Here is attorney George LaMarca making excuses for doing what the law requires us to do (and doing it very well I might add) in order to deflect the hostility jurors have over personal injury litigation. Everyone thinks the other guy’s lawsuit or personal injury claim is frivolous. But when the same guy who yells about all personal injury litigation being frivolous wants us to represent him he now wants everyone to believe this one isn’t frivolous. It's the old saying, do unto others as you would have them do unto you.
We have all become short sighted about how the world really works when controlled by insurance companies. (How many billions does Wellmark have in it's reserve account? $1.3 Billion!

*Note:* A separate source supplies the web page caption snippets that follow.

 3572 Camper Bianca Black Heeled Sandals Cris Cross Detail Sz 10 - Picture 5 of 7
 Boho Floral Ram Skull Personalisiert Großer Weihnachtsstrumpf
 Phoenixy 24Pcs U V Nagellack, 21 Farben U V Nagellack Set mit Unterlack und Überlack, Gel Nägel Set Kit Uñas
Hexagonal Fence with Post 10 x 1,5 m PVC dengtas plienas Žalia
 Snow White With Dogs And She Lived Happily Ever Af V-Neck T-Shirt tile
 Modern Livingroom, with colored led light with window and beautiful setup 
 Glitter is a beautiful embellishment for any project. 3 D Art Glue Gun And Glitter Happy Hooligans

See story below.) Now, even Iowa personal injury lawyers have to explain (make excuses) for why we do what we do when it should be obvious why we do it; but probably isn’t because it's hidden in the fine print. It’s ironic that insurance company executives get to hide the fact they are the ones forcing lawsuits, not the lawyers that help victims who are injured.

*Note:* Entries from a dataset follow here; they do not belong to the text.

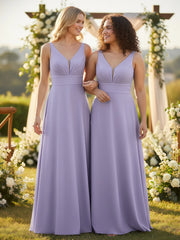 Notch Neck Chiffon Simple Full Length Dress-Lilac
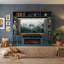 Meuble audio-vidéo mural pour téléviseur de 80 po ou moins avec foyer électrique, portes en verre trempé et tablettes réglables-1542233426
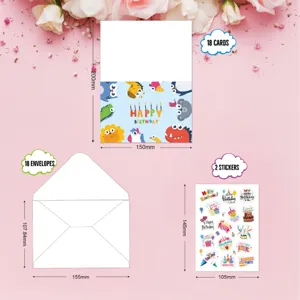 Detailed view of birthday card set dimensions including 18 cards, envelopes and stickers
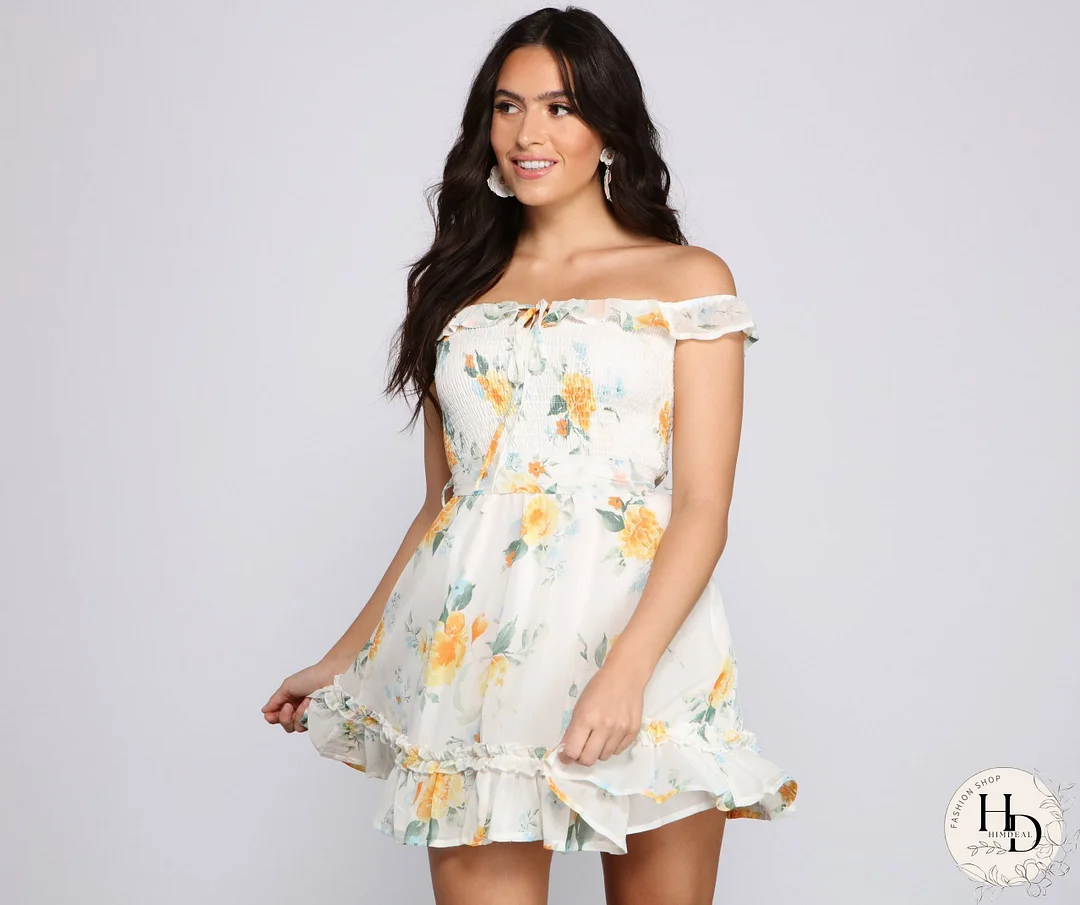 Floral Wonder Stylish Ruffled Skater Dress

If you want to be fully compensated, then you too will have to sue. It's all about the fine print in the insurance policy you bought - not the personal injury lawyers or personal injury lawsuits. It's not the civil justice system - it's the insurance industry. You see insurance executives love to hate us because they know we are just doing what they force us to do and then get to blame us for doing it. They escape the wrath of the public while heaping it on us. And in this case it should be obvious George feels the need to make a premptive strike with publicly explaining insurance law.
D.M. senators ask state to look at Wellmark's $1.3B cash reserves
Two Des Moines state senators are questioning whether Wellmark Blue Cross and Blue Shield needs $1.3 billion in reserves. Democrats Jack Hatch and Matt McCoy have asked Iowa Insurance Commissioner Nick Gerhart to investigate Wellmark's reserves in light of the company's announcement last week that it will not join the the state's health insurance exchange next year, reports The Des Moines Register. Wellmark did not respond to the newspaper's request for comment. Hatch says state regulations require the insurer to have reserves of only $350 million.

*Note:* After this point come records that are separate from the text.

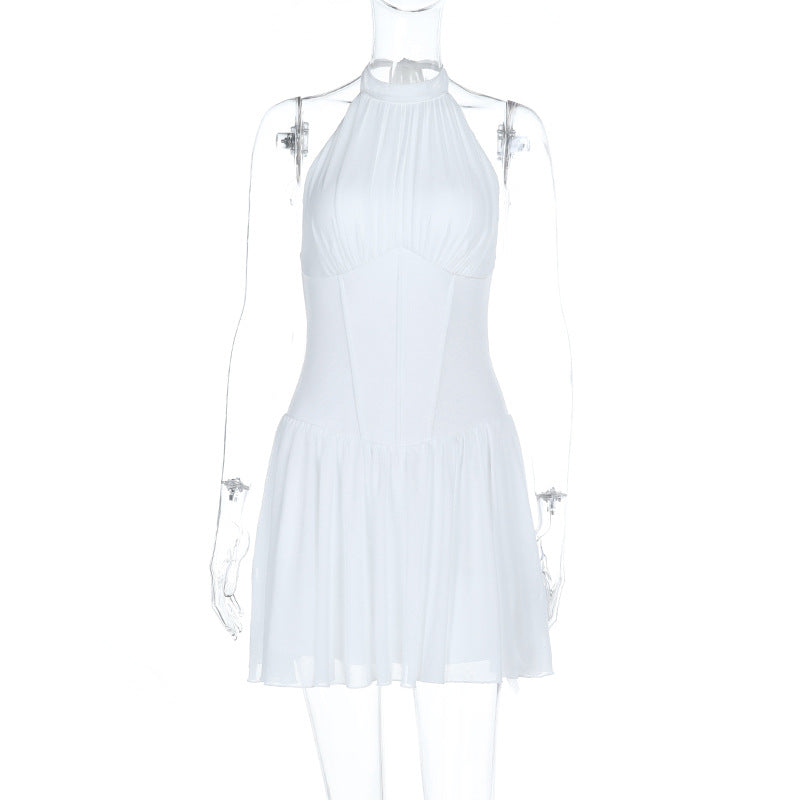 Dame off-shoulder minikjole med elegant halterneck og svingende skørt Skovae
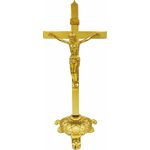 Cruz Crucifixo Mesa Altar Dourado Com Base 26,5cm
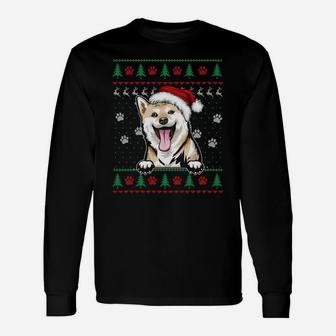 Shiba Inu Christmas Ugly Sweater Funny Dog Lover Xmas Gift Sweatshirt Unisex Long Sleeve | Crazezy
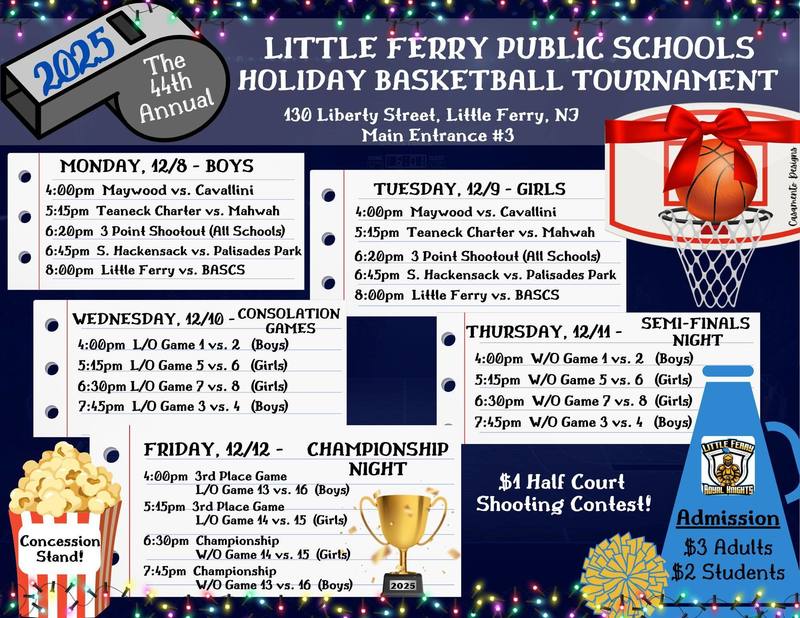 44th Holiday Tournament Schedule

Gerhart said last month he might investigate Wellmark's need for the large reserve if the company didn't take the risk of entering the exchange. Iowa Business Record
The insurance industry heaps all this scorn upon the lawyers who practice personal injury law for suing, but say nothing about the way the insurance industry works that requires us to do exactly what they criticize us about. This is pure poppycock.
Here is the story, read it and all the hypocrisy society can heap on us.
Terrace Hill benefactors James and Ellen Hubbell are suing the mansion’s foundation over a golf-cart accident that occurred last Halloween night.
The Hubbells were attending a Terrace Hill Society Foundation fundraiser when they were thrown from a golf cart, “causing severe and permanent injuries” to Ellen Hubbell, according to the lawsuit, filed in Polk County District Court on June 27.
The Hubbells allege that the foundation was negligent because a seat was loose on the golf cart.
Terrace Hill Society Foundation officials did not return a call for comment. The state of Iowa, which owns Terrace Hill, was not named in the lawsuit.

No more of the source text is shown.